Maintaining this straight-talking approach, James Chang, Group Chief Crossborder Officer for Lazada, the Singapore-headquartered e-commerce portal, addressed the particular challenges presented by Southeast Asia, saying: "Overall, the region is home to the world's third-largest population, after China and India, while also having an unusually young median age, expected to settle down at around 33 by 2030. It also has one of the world's fastest-growing connected populations, with some 480 million individuals expected to have regular internet access by 2020. In the run-up to 2025, the region's e-commerce market is expected to grow by an average of 31% per annum, taking it to a total value of US$88 billion, of which $13.8 billion will be cross-border.

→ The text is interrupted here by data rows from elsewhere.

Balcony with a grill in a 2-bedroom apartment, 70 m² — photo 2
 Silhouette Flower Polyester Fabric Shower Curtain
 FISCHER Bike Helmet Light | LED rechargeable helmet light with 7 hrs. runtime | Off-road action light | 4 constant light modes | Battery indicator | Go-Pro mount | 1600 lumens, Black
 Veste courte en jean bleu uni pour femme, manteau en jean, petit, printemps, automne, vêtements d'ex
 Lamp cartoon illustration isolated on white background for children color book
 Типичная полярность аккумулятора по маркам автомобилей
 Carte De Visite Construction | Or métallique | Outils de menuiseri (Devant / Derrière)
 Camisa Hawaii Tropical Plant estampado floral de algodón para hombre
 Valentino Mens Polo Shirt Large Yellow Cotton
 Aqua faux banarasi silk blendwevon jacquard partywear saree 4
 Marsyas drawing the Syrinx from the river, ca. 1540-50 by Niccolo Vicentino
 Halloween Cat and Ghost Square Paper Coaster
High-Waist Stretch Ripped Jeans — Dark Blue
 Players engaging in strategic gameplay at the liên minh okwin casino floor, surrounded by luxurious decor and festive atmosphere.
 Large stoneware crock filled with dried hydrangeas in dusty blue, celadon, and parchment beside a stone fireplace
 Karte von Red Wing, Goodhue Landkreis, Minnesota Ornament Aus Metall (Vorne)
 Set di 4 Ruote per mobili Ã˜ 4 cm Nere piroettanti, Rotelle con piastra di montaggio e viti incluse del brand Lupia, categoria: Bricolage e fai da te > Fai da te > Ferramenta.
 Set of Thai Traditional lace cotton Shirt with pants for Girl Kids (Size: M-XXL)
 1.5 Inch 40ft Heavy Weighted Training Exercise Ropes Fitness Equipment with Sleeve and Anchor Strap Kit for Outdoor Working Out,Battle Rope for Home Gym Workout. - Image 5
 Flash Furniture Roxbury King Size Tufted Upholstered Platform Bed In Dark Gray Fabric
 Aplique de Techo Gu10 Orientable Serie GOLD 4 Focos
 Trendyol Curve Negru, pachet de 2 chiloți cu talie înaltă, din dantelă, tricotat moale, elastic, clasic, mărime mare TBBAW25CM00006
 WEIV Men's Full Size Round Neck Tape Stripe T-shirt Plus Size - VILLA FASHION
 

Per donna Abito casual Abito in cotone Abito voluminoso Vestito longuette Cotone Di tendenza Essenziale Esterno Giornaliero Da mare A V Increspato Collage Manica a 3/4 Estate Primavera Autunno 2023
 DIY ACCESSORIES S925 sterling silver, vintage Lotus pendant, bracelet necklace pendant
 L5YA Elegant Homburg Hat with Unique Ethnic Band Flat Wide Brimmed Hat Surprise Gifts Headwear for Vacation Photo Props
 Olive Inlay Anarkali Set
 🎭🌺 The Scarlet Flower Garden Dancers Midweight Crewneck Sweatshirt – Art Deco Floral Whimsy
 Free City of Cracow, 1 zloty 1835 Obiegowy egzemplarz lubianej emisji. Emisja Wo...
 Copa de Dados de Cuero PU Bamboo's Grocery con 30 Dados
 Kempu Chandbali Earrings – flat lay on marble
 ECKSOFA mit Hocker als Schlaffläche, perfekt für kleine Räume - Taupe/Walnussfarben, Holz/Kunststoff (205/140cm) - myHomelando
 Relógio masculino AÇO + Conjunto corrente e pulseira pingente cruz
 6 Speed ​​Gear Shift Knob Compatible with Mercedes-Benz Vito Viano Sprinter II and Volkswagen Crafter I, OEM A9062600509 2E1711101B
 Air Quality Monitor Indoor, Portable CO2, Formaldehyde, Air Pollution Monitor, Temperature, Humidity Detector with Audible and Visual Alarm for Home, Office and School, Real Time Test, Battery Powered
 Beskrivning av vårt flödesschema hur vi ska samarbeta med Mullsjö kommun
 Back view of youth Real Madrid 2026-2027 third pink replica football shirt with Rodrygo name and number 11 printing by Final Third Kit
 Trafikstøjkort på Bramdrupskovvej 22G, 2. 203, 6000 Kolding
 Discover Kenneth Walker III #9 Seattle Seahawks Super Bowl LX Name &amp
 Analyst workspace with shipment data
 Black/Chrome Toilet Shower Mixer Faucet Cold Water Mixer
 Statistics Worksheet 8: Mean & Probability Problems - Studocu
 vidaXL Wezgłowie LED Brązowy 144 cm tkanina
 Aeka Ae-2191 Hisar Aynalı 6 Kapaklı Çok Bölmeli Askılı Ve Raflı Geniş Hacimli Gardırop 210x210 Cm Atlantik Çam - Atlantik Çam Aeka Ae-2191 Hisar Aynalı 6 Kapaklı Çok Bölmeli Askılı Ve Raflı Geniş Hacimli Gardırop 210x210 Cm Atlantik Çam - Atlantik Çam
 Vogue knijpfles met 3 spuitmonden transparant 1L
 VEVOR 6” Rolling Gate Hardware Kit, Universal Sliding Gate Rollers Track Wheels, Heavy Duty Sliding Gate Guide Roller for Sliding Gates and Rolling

"For our part, more than half our transactions come from outside the region's major cities. At present, 80% of our deliveries are via post, with the remaining 20% reliant on either DHL or a local courier firm. In light of this, we see our key challenge as streamlining the cross-border e-commerce process so that it becomes as straightforward and as risk-free as making a domestic purchase."
While for both Strawberrynet and Lazada it was remote locations that posed particular logistics challenges, New Soon Tee, Director of Trade and Connectivity for Singapore's Inforcomm Media Development Authority, focused on the problems emerging from the accelerated rate of urbanisation across the region. Singling out increased congestion as a particular consequence, he said: "As more people across the world live in densely-packed urban environments and as we all begin to purchase more and more online, this has led to a vast increase in the number of delivery vehicles required to fulfil that last mile. This also means that vehicles are going out with less than full capacity, occasioning more trips, creating a greater build-up of traffic, resulting in delays, missed deliveries and subsequent re-delivery attempts. As a result, delivery vehicles now account for 25% of all road traffic in Singapore.
"One way forward would be the wider use of self-collection lockers. This would mean that trucks could leave warehouses fully-laden, while convenient pick-up times could be arranged for customers at collection points that were just a few minutes' walk away. In order to achieve this, though, there would have to be drastic changes to the current locker landscape. At present, companies are unwilling to share their locker facilities with rival operations and the resulting lack of scalability has resulted in poor geographical coverage."
One company that seems to have made headway with both its urban and rural delivery programmes is JD Logistics, the Beijing-headquartered delivery arm of JD.com. Explaining how the company had achieved 99% coverage of China, with more than 90% of orders delivered within 24 hours, Director of Strategy Beth Bao said: "We have successfully leveraged on Artificial Intelligence [AI] and other related technology to increase our efficiency and cost at every stage. Our use of unmanned warehouses, for instance, has reduced our costs by 30%.
"On the road, meanwhile, we've reduced transport costs by 10%, while our delivery efficiency is up 25%. Currently, we're experimenting with autonomous trucks, drone deliveries and autonomous ground vehicles. Our drone delivery system, the first in the world, has already been in operation for more than 170,000 flight hours."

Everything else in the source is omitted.